Kiprah Gus Ipin Tangani Kasus Warga Trenggalek yang Positif Covid-19 - Tugujatim.id

Kiprah Gus Ipin Tangani Kasus Warga Trenggalek yang Positif Covid-19

  • Bagikan
Bupati Trenggalek Mochamad Nur Arifin saat menyambangi Marmi, keluarga pasien Covid-19 yang dimintai biaya perawatan oleh puskesmas, Selasa (03/08/2021). (Foto: M. Zamzuri/Tugu Jatim)
Bupati Trenggalek Mochamad Nur Arifin saat menyambangi Marmi, keluarga pasien Covid-19 yang dimintai biaya perawatan oleh puskesmas, Selasa (03/08/2021). (Foto: M. Zamzuri/Tugu Jatim)

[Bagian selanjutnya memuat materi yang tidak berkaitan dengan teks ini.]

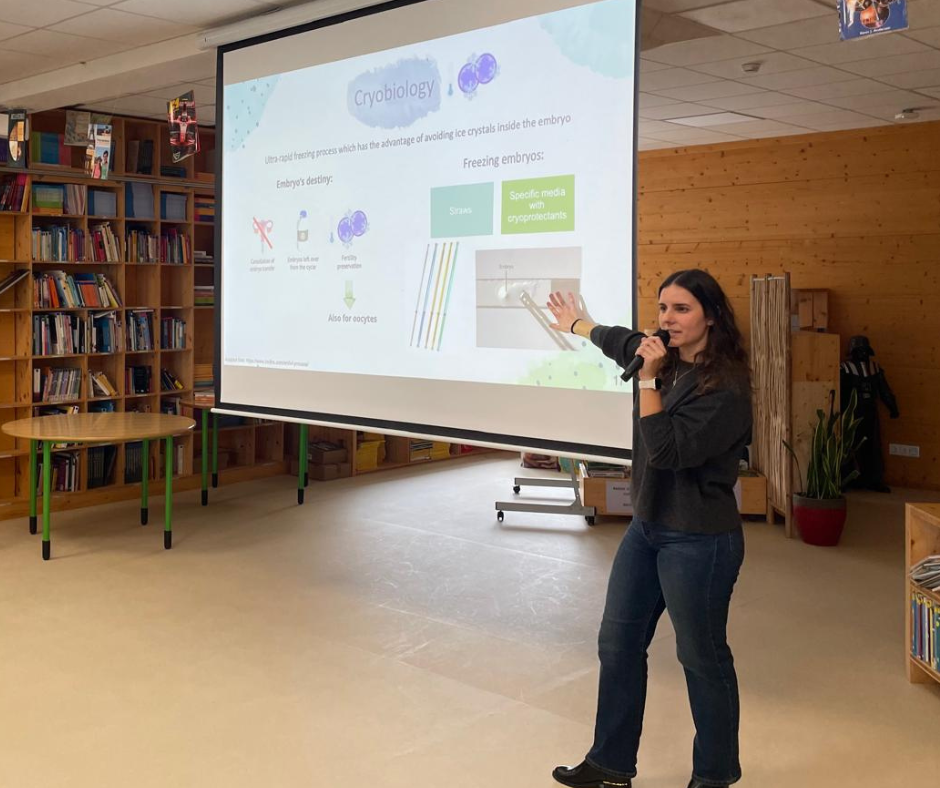 STEM Week: Inside Embryology and Drone Tech | Semana STEM: Da Embriologia à Tecnologia Drone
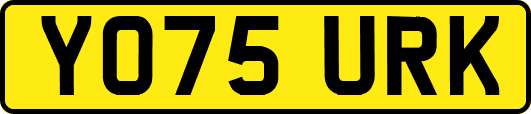 YO75URK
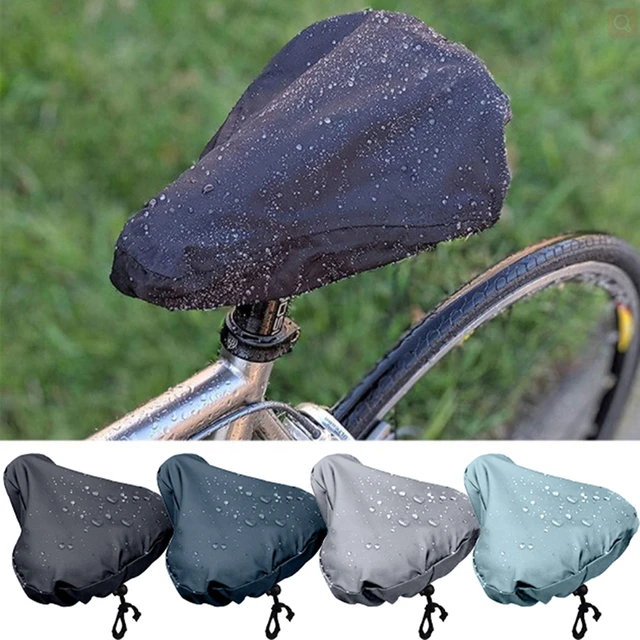 1PC Outdoor Bicycle Saddles Protective Coverings Waterproof Bike Seat Pack  Front Tube Bag Saddle Pannier Rear
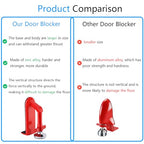 Door Stoppers Security (Red)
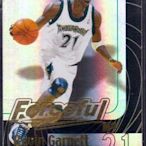 99-00 FLEER FOCUS FORCEFUL FORCEFIELD #5 KEVIN GARNETT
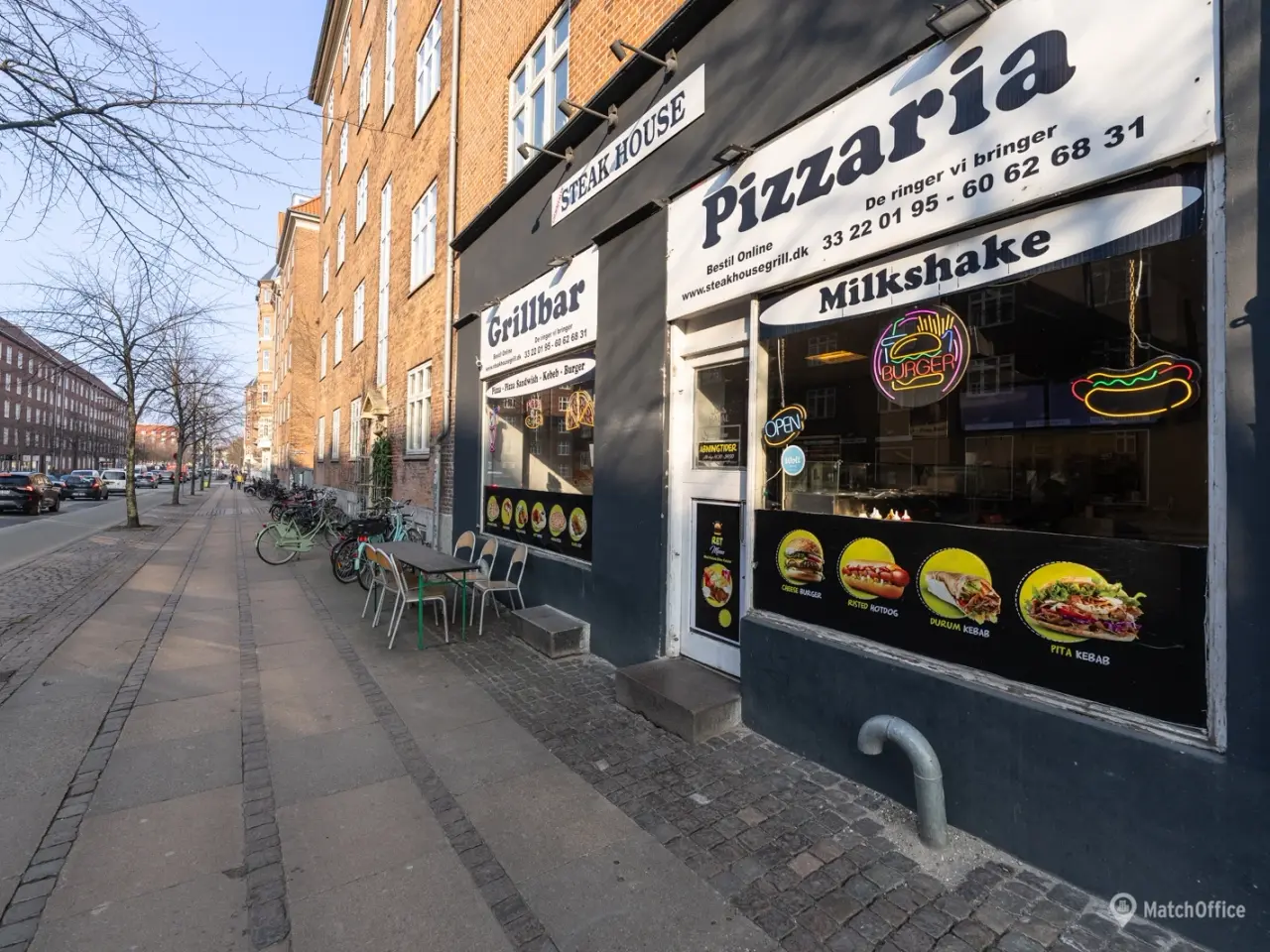 Billede 2 - Velindrettet erhvervsandel med stor synlighed på Vesterbro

TRENGGALEK, Tugujatim.id – Bupati Trenggalek Mochamad Nur Arifin menyayangkan kejadian penarikan biaya perawatan dan screening Covid-19 kepada salah satu warga Desa Siki, Kecamatan Dongko, saat dirawat di salah satu puskesmas. Menurut Gus Ipin, sapaan akrabnya, ini seharusnya menjadi tanggung jawab pemerintah. Apalagi saat ini screening kepada warga yang berpotensi terpapar virus Covid-19 sedang digalakkan.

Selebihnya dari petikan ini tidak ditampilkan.